I was looking after my friend’s children the other day and had to marvel that they had managed to turn my house into a devastation area. I was on the verge of really being quite annoyed when memories of my own childhood made me stop to consider the situation. All I was dealing with was a bit of mess which was nothing compared to the troubles I visited on the people who looked after me. I decided to cut the kids some slack and left them to complete the demolition of my home that they had started.
The Clock
I was very fortunate as a child to have a friend whose parents were millionaires and lived in a beautiful mansion on the south coast. One day whilst I was staying at the house my friend and I decided to construct a Hot Wheels racing track in the hall. Our magnificent creation featured a steep drop down the staircase into a loop the loop. My friend did not seem concerned about playing with metal cars whilst surrounded by numerous expensive looking antiques and so I did not really consider the perilous nature of what we were doing. After a few minutes I let loose a rather swanky bright orange racing car which shot down the track, traversed the loop and then flew several feet across the room crashing unceremoniously into a valuable grandfather clock. There was an awful silence as I turned to see my friend’s parents arrive. His mother exploded in rage but his father simply said “shut up woman it’s only a clock”. A rather large bullet dodged there I think.
The Stairs
Having irreparably damaged a rare antique you would think that I had learnt my lesson about Hot Wheels tracks but clearly I had learnt nothing as a couple of years later I decided to build a similar track layout down my cousin’s stairs with an even bigger loop at the bottom. I felt that this time there could be no danger as the front door at the bottom of the stairs would stop any cars which travelled too far. Things went well for half an hour and then a purple dragster model flew off the track half way down the stairs smashing through a glass panel, showering my uncle, who was seated below, with shards of glass. Oops!
The Garden
Miraculously I was not banned from my cousin’s house but things would have turned out better if I had been! A few weeks later we were playing with our Action Man figures but the bedroom was too cramped to construct a proper warzone. We decamped to the garden and a blank piece of lawn became our battle field. The terrain seemed a bit boring to me and so I retrieved a shovel from the shed and started digging. The new landscaping featured several hills and a small pond which was ideal for use with the Action Man dingy. We were in the middle of a tense manoeuvre with me crouched behind one of the hills when I looked up to see my Uncle red in the face with rage. Apparently he didn’t like his new water feature! We were promptly banished to the bedroom.
The Parachute
Now trapped in the bedroom the tank and armoured car were rather redundant and so we turned to the parachute kit. Our fabulous Action Man was armed and ready to go but we couldn’t get enough height for the chute in the bedroom. I hatched a plan to throw him out of the window into the garden. We could run down and collect him after the “jump”. I opened the window and threw the poor fellow as far as I could but it wasn’t far enough. The parachute worked well but the figure landed plumb in the middle of the conservatory roof. This resulted in my uncle spending a great deal of time and effort climbing up to retrieve the toy and most unfortunately smashing one of the windows! I was now banned from the house!
Kids
Perhaps my friend’s kids are not so bad after all. They haven’t actually broken anything (yet!)Anyway I don’t have a conservatory or an antique clock and they couldn’t possibly reach the collection of Royal Crown Derby porcelain could they?
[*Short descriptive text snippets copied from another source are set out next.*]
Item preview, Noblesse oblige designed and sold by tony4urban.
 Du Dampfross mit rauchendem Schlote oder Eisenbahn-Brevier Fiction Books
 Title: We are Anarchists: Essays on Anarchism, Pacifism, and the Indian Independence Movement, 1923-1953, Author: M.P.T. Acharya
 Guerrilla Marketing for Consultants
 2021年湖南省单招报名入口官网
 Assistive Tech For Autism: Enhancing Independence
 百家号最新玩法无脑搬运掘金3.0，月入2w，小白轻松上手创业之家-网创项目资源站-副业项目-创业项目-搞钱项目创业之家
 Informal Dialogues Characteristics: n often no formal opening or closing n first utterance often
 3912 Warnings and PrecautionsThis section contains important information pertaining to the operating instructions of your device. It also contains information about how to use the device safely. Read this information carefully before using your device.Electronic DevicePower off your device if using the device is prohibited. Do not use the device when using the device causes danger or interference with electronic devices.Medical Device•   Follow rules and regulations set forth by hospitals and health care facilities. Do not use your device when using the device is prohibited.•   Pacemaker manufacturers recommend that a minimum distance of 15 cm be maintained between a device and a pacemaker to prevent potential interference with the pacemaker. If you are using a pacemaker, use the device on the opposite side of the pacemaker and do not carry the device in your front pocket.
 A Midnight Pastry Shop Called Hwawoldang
Sally Stacey is an enthusiastic blogger who was very naughty as a child! She is currently writing on beahlf of UK Windows.
I live in a small Georgia town that you most likely have never heard of and I LOVE it! My house is more than full as I am a single mother of four & caregiver to my aging mother and uncle. Lover of all things Outlander. Goes to the beat of her own drum woman.
Jimmy Arcade says
Wow! Thank you for sharing. It’s interesting how our more tragic circumstances can inform our future actions and set a better model for future generations. Now, hopefully, the same system won’t reverse itself for the next generation… 🙂
ellen beck says
His mother exploded in rage but his father simply said “shut up woman it’s only a clock”.
Nice story but that line ruined the entiree thing. Sorry , it is a horrible thing to say.
Denise Taylor-Dennis says
You never know what kids might do but I personally don’t mind the mess children make. You have to help them learn how to pick up. Kids will be kids as the saying goes.
Betty Baez says
haha stacey was quite the terror, we seemed to always get into trouble although we were just playing thats why i understand when my kids play they dont intend to wreck my house
Karen Glatt says
I think that kids need to respect others and not let them play where things can get broken. I would show them a safer place to play and not get into trouble. We had a big downstairs basement just for playing and doing all kinds of fun activities. I would never let other people’s kids mess up my house!
Tammy S says
Well I guess you were a little terror when you were a child. 🙂 I think all of us at one point or another has broken something that belonged to someone else. It’s part of the growing up experience and learning to respect things, especially other people’s things.